** Opening DATA TO PROCESS block **
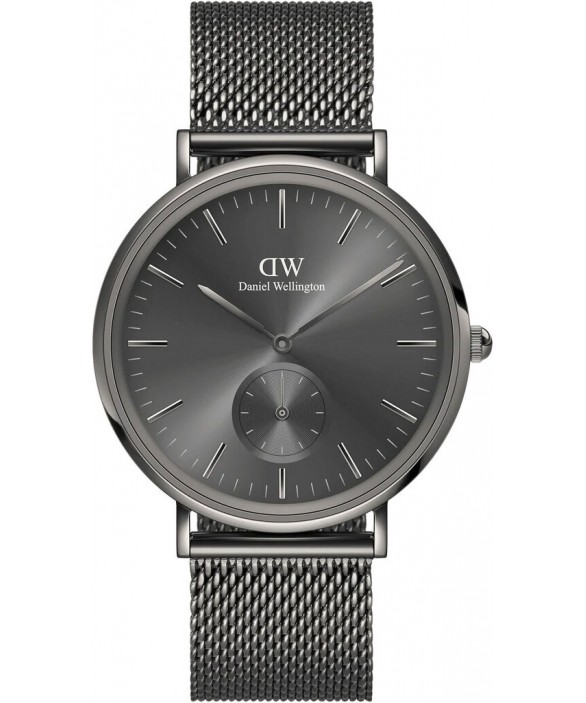 Годинник DANIEL WELLINGTON CLASSIC MULTI-EYE MESH GRAPHITE DW00100712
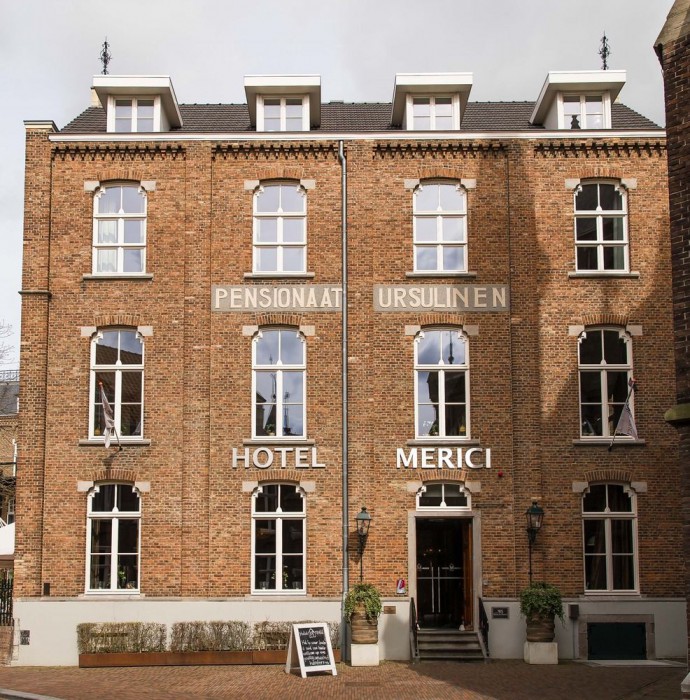 merici hotel sittard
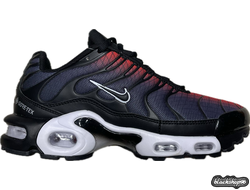 NIKE AIR MAX TN PLUS LOW С ШЕРСТЬЮ GREY-RED (40-45)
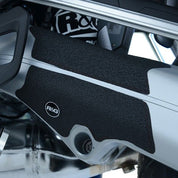 R&G Racing Black Boot Guard Kit For 2018-2023 BMW R1250GS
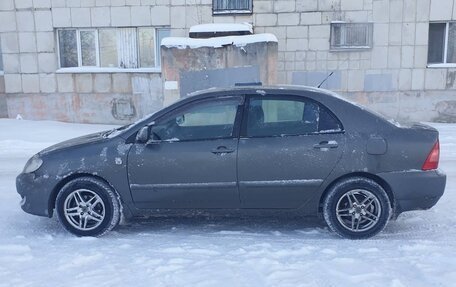 Toyota Corolla, 2006 год, 350 000 рублей, 4 фотография
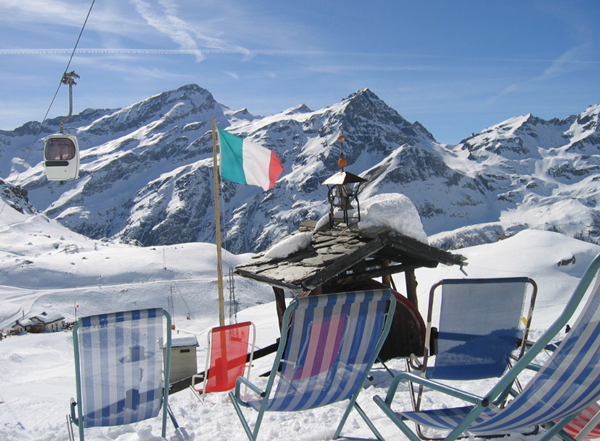 Foto von Gressoney La Trinite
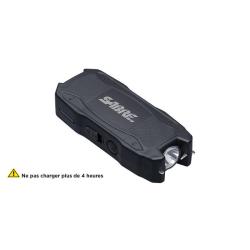 Shockers Pistolet paralysant avec lampe torche Sabrered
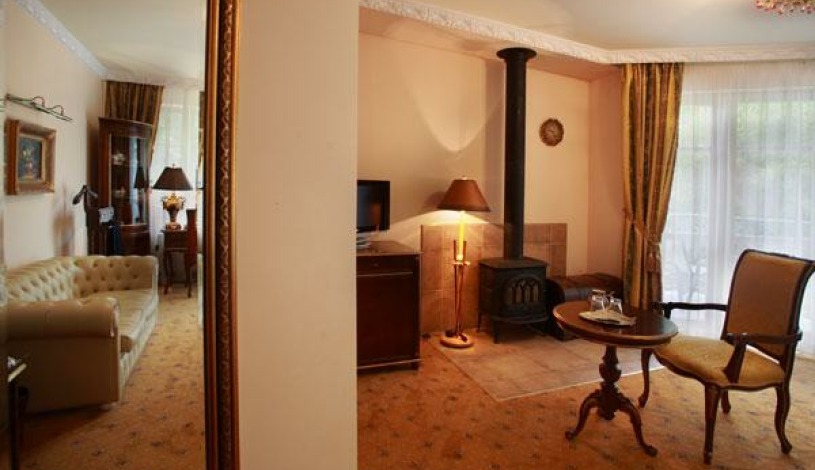 SPA HOTEL AQUA MARINA Karlovy Vary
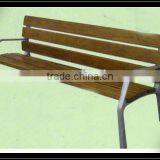 Wooden Bench Legs Long Wooden Bench Wood Bench With Back thumbnail-1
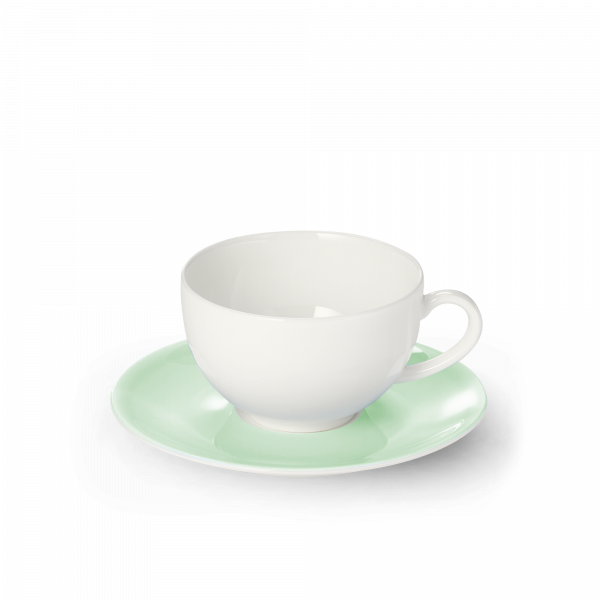 Dibbern Pastell Streifen Set Coffee cup Mint (0.25l) S0310911502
** Closing DATA TO PROCESS block **
**TASK ITEM:** Print all entries exactly, without images.

**SOLUTION TO THIS EXERCISE:**
 Годинник DANIEL WELLINGTON CLASSIC MULTI-EYE MESH GRAPHITE DW00100712
 merici hotel sittard
 NIKE AIR MAX TN PLUS LOW С ШЕРСТЬЮ GREY-RED (40-45)
 R&G Racing Black Boot Guard Kit For 2018-2023 BMW R1250GS
 Toyota Corolla, 2006 год, 350 000 рублей, 4 фотография
 Foto von Gressoney La Trinite
 Shockers Pistolet paralysant avec lampe torche Sabrered
 SPA HOTEL AQUA MARINA Karlovy Vary
 Wooden Bench Legs Long Wooden Bench Wood Bench With Back thumbnail-1
 Dibbern Pastell Streifen Set Coffee cup Mint (0.25l) S0310911502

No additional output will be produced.